In Euclidian terms, a border is a line dividing elements that meets specific requirements to the ones that do not. However, under the biological perspective the border is inferred as the space on interchanges are intensified and where influences among realities emerge. Thus, while can be interpreted as a limit that isolates and segregates, we rather consider any border as a catalyst that multiplies interrelations over a permeable and porous field[i]. In the architecture discipline it is possible to identify areas that have been understood as evident borders: scales, age ranges, professors and students’ relationship, being -no matter their interdependence- particularly relevant the separation set between the architecture project design and urbanism.

 

Through 3 years of teaching-based research in the course of Architecture Design and Urbanism (Projectes i Urbanisme) at the Reus Architecture School (ETSAR) it has been the endeavour to overcome the borders, both disciplinary and methodologically, working under marginal conditions, from the questions stated to the course program and the established working environments.
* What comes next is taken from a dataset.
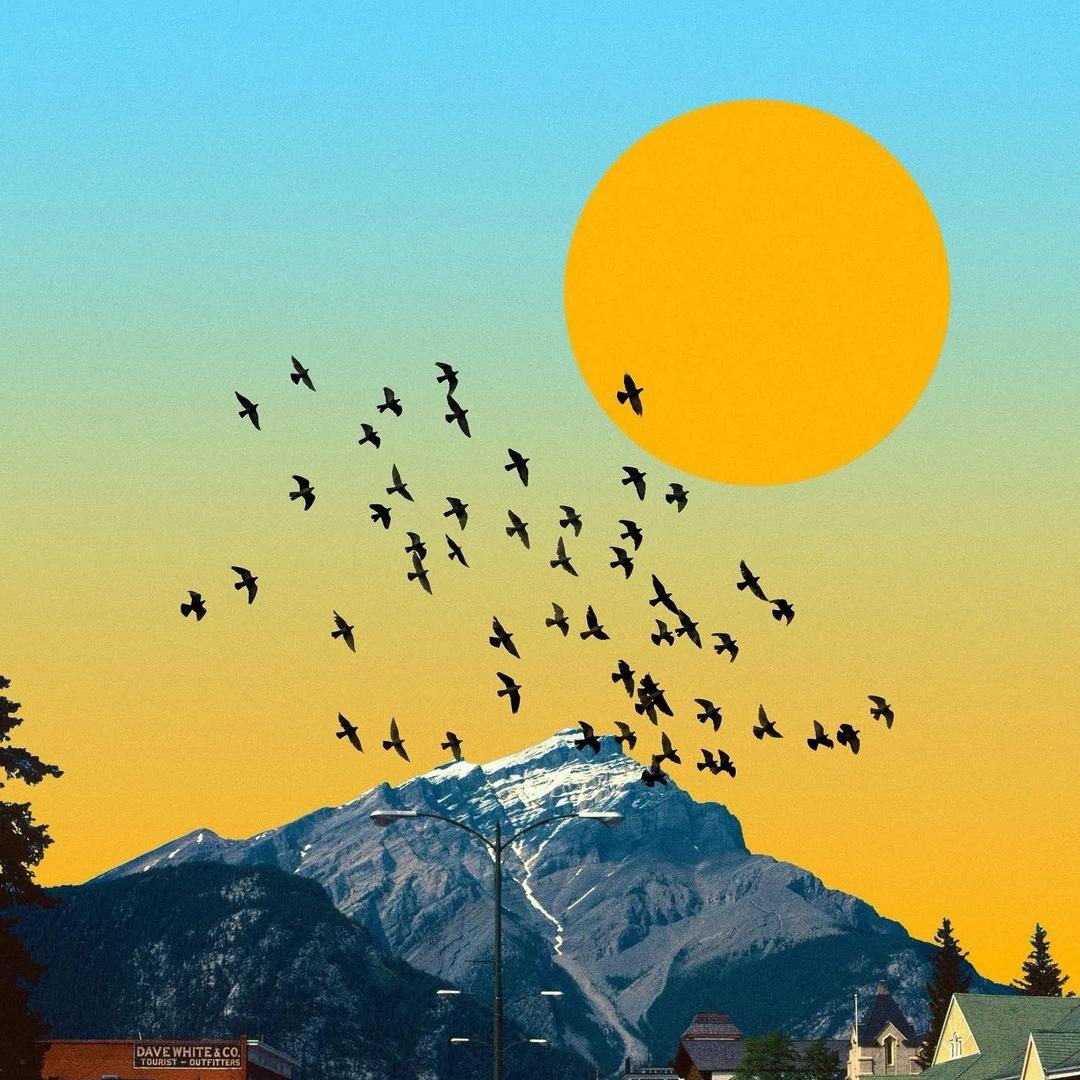 好好学习 天天向上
As a teaching tool and fresh statement, the decision was to work under the conception of a hybrid environment in constant change, able to provide to students a holistic outlook to our conception of a multi-faceted urban reality. Workshops were made to empower students’ leadership, autonomy and development driven by cross-sectional teaching and collaborative exercises. A methodology that required of the contribution of professionals of social and urban sciences, academics and local technicians who actively participated at different work stages of the course providing sharp insights onto the discussed and revealed topics going from economy to geography and anthropology.

 

That being said, the main goal of the course was to recognize the territory and the city like a single complex ecosystem of interdependencies between collective wills, private interests, economic developments, political interests, social problems, technological improvements, climate risks and ecological potentials, that demands for a cross-scale focus and a cross-sectional study. A city was conceived as a collective construction that relies in society as one of the mechanisms to transform our living places and the landscapes we dwell in.

 

This paper aims to sum up the experience gained through three years of academic work on the limits of the urban disciplines. By explaining the developed learning by doing process, we would like to highlight some of the results achieved, and the techniques implemented. Moreover, reorganization of the hypothesis, exercises, and works has been synthesized in form of handbook. A document that will be finally shaped as a digital open-source tool able to improve cross interaction between students, professors and researchers from disciplines related to the urban environment. In other words, we propose a proactive tool to strengthen an integral approach to cities and territories through collaborative development among schools and disciplines hoping to happen an open and useful academic source.

 

Many languages have specific terms to describe this hybrid field. While English makes use of a more general term of interface, Italian adopts the term bagnasciuga to describe the hybrid and ambiguous field where the sea water finds the dry land. It is a place that belongs, at the same time, to the both realities that come along with.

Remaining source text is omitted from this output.